- Records supplied:
▼

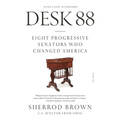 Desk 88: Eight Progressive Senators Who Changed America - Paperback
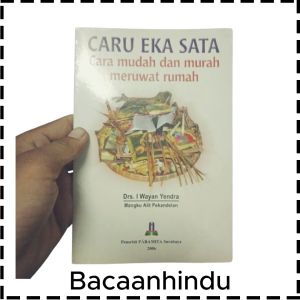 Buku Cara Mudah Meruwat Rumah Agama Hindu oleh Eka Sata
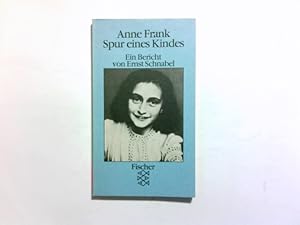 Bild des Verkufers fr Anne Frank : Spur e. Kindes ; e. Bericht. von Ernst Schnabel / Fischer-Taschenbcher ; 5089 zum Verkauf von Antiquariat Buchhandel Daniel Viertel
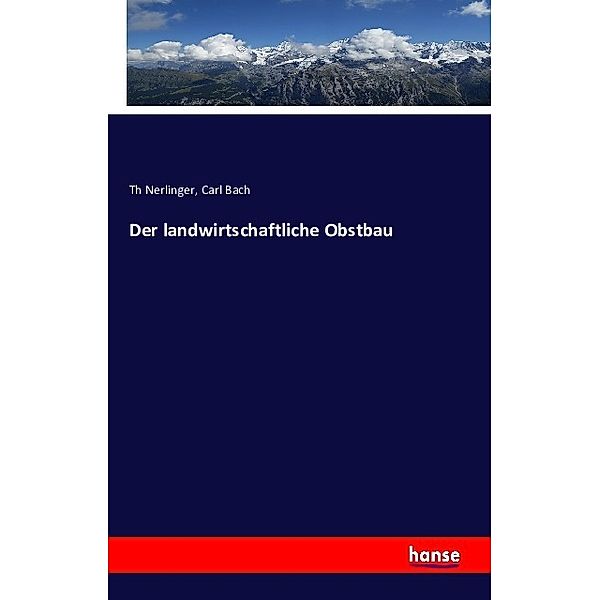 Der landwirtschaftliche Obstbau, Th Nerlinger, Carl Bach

▲
▼

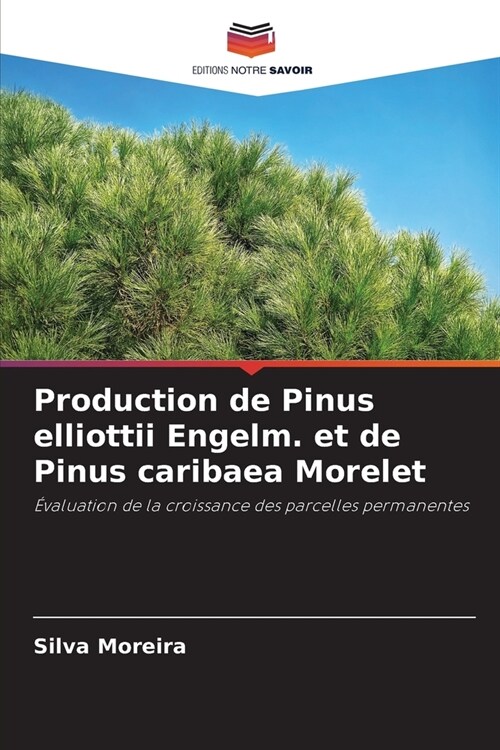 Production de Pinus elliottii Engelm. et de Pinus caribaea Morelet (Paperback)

▲

- What you have to do: For the material above, give again only the lines starting at the line that contains "Bild des Verkufers" and ending at the line that contains "Der landwirtschaftliche Obstbau, Th". Pictures do not belong in the copy.

- Task result:
 Bild des Verkufers fr Anne Frank : Spur e. Kindes ; e. Bericht. von Ernst Schnabel / Fischer-Taschenbcher ; 5089 zum Verkauf von Antiquariat Buchhandel Daniel Viertel
 Der landwirtschaftliche Obstbau, Th Nerlinger, Carl Bach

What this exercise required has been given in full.